Insignificância de crime na Câmara

Frederico Vasconcelos

O cidadão apresentou-se em um gabinete da Câmara dos Deputados, identificou-se falsamente como padre de uma paróquia de Pernambuco e disse ter sido autorizado pelo deputado a fazer uma ligação telefônica.

Iludida pela fraude, a secretária do parlamentar permitiu que ele utilizasse o telefone.

Percebendo a pouca vigilância no gabinete, o falso sacerdote abriu a gaveta da secretária e surrupiou a carteira de couro com os documentos pessoais da servidora.

O caso chegou ao Supremo Tribunal Federal (*).

O Superior Tribunal de Justiça negara habeas corpus objetivando a absolvição do falso padre, pela aplicação do princípio da insignificância e, alternativamente, pela aplicação do privilégio previsto ao furto qualificado [se o criminoso é primário, e é de pequeno valor a coisa furtada, o juiz pode substituir a pena de reclusão pela de detenção, diminuí-la de um a dois terços, ou aplicar somente a pena de multa].

O STJ entendera que “as circunstâncias em que o delito foi cometido inviabilizam, no caso, o reconhecimento da figura privilegiada”.

A defesa foi ao Supremo, pois pretendia ver restabelecida a sentença condenatória que, expressamente, reconheceu a primariedade do recorrente, bem como o pequeno valor do furto (R$ 100,00).

O Ministério Público Federal manifestou-se pelo provimento parcial do recurso.

“Em que pesem os fundamentos lançados pelo Superior Tribunal de Justiça, as circunstâncias qualificadoras do crime de furto não se mostram conflitantes com a primariedade do réu e o pequeno valor do bem furtado, inexistindo razão jurídica para o não reconhecimento da figura do furto qualificado-privilegiado”, opinou a Subprocuradora-Geral da República Cláudia Sampaio Marques.

“O crime foi cometido mediante fraude, no interior de uma repartição pública”, registrou a subprocuradora. “No entanto, o recorrente é primário, de bons antecedentes e a coisa furtada de pequeno valor (fatos registrados na sentença).

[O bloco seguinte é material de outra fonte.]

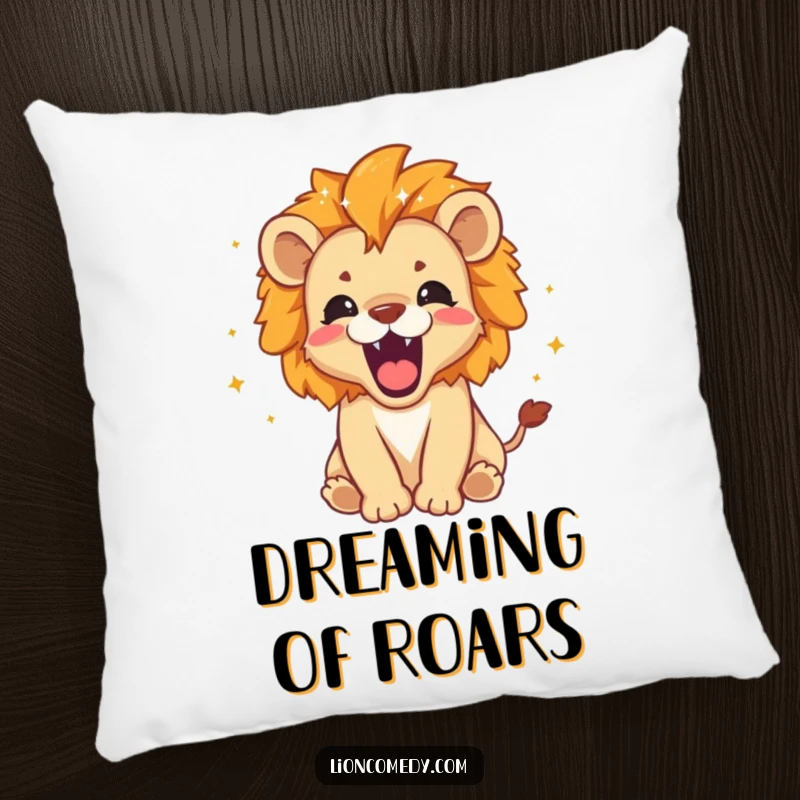 Funny Pillow: A roaring lion cub with tiny stars and sparkles around its mane, perfect for comfort and fierce decor.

Nessas circunstâncias, nada há que impeça a incidência cumulativa das circunstâncias qualificadora e de privilégio”.

No último dia 12, por maioria de votos, a Turma deu provimento ao recurso ordinário em habeas corpus, nos termos do voto do relator, ministro Luiz Fux, vencido o ministro Marco Aurélio, que o desprovia.

(*) RECURSO ORDINÁRIO EM HABEAS CORPUS Nº 115.225 – DF

Comentários

  1. o que ja gastou com o processo daria para comprar um monte de carteiras.
    Agora isto e normal no dia a dia, o sistema e irracional.

  2. Entendi bem? Opinativo ministerial pelo reconhecimento da insignificância?! Ué, mas não era os juízes que tinham mentalidade “pró-impunidade”?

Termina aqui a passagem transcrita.